All of us gardeners know that nothing comes out the way you planned. It's a different garden every year, and it's always sort of different from what you were thinking when you began. What it really means to be a good gardener is to work hard to produce an ecosystem that will have enough diversity, enough possibilities, so it's robust, and it's resilient, and it can change when the seasons change. And that kind of robust, unexpected, variable, messy system - that's what you want to create when you're having children, too.
Adults often assume that most learning is the result of teaching and that exploratory, spontaneous learning is unusual. But actually, spontaneous learning is more fundamental.
Babies and young children are like the research and development division of the human species, and we grown-ups are production and marketing.
We pass our values, ideas and moral character on to our children, but we do that knowing that our children are going to revise our knowledge and reshape their values. There's something very paradoxical and profound about being a parent as opposed to parenting. We put in all this effort and energy not so that we can shape a child of a particular sort, but so that all sorts of possibilities can happen in the future.
The largest and most powerful computers are still no match for the smallest and weakest humans.
The brain is highly structured, but it is also extremely flexible. It's not a blank slate, but it isn't written in stone, either.
To support the people we care about is intrinsic, it is not instrumental. It's not something we do because we're hoping to get some other outcome.
I think, at the end of the century we'll have a generation of parents and a generation of children who won't have had the deep satisfactions of being parents and being children in the way that they might have and are going to spend a lot of time fretting and worrying and being hovered over for nothing. The question isn't so much "What will happen in the long run?" but "What's happening to people's lives right now?"
What teenagers want most of all are social rewards, especially the respect of their peers.
Caring for children has always been one of the deepest and most satisfying things that a human being does, and yet it is hard to keep a healthy attitude toward it in our competitive, outcome-oriented society.
Owning our past allows us to own our future.
The youngest children have a great capacity for empathy and altruism. There's a recent study that shows even 14-month-olds will climb across a bunch of cushions and go across a room to give you a pen if you drop one.
We know that kids who grow up in an environment of warmth and support will thrive and function in whatever environment they find themselves. What we need to do is to do more to help poor kids have such an environment.
Teaching is a very effective way to get children to learn something specific - this tube squeaks, say, or a squish then a press then a pull causes the music to play. But it also makes children less likely to discover unexpected information and to draw unexpected conclusions.
You read a bunch of books and you get a bunch of how-tos, and you take a bunch of classes and you learn a bunch of techniques. You set yourself goals and benchmarks. I think people have imported that into their experience of taking care of children.

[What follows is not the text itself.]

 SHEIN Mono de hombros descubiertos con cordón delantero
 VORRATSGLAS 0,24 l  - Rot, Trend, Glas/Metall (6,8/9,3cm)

Children are the most amazing thing in the universe, as far as I'm concerned. If you're worrying about how it's going to turn out, you aren't experiencing that day-to-day satisfaction of being with these incredible, extraordinary creatures. Every single one of them is the most incredible, extraordinary creature that you're ever going to want to see. I think the joy of having that deep relationship - that's the core of what being a parent is.
Preschool kids learn best when exploring, but kids in school learn best when they do things, interacting with a master. Unfortunately, our schools don't do much of either. Also, kids do need to learn how to deal with technology, and online education and otherwise using electronic devices as learning tools facilitates that.
I'm culturally Jewish but, like most scientists, an atheist: I don't believe there's a God or supernatural world. Buddhism offers guidance on what to do in a world without God: It opines that truly being present in the world‚ experiencing and hanging out with your loved ones, provides all the significance you could want.
Philosophers and psychologists have long puzzled over the question of how we know as much as we do despite our limited experiences. One way is to see how children learn. Another example is consciousness. The concept is usually explored by armchair academics. Looking at kids expands our conceptions of consciousness.
We provide a secure, stable space for children to grow up in, so children will be able to take risks and have adventures and do things that are unexpected. If there isn't a risk that your children can fail, then you haven't succeeded as a parent.